### PROBLEM
Find the line containing "Kalhoty US BDU POLY polní FLECKTARN vel. 3XL" in the entries below. Restate it and each line after it, word for word, up to and including the line containing "Matthew Williamson Xanadu".

### MATERIAL PROVIDED

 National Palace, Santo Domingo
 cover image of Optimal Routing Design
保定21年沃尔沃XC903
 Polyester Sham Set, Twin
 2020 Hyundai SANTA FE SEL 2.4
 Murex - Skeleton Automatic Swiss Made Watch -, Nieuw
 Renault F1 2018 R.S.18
* * *
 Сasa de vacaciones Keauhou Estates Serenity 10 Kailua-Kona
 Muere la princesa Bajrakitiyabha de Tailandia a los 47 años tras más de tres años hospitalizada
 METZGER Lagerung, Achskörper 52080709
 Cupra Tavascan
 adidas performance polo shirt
...
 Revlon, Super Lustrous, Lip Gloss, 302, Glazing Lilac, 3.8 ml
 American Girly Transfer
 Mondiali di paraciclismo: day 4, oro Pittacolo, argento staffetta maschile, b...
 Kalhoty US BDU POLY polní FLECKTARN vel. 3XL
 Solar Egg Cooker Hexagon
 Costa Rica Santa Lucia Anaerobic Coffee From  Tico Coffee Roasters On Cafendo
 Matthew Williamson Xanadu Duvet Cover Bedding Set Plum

### OUTPUT FOR THIS TASK
 Kalhoty US BDU POLY polní FLECKTARN vel. 3XL
 Solar Egg Cooker Hexagon
 Costa Rica Santa Lucia Anaerobic Coffee From  Tico Coffee Roasters On Cafendo
 Matthew Williamson Xanadu Duvet Cover Bedding Set Plum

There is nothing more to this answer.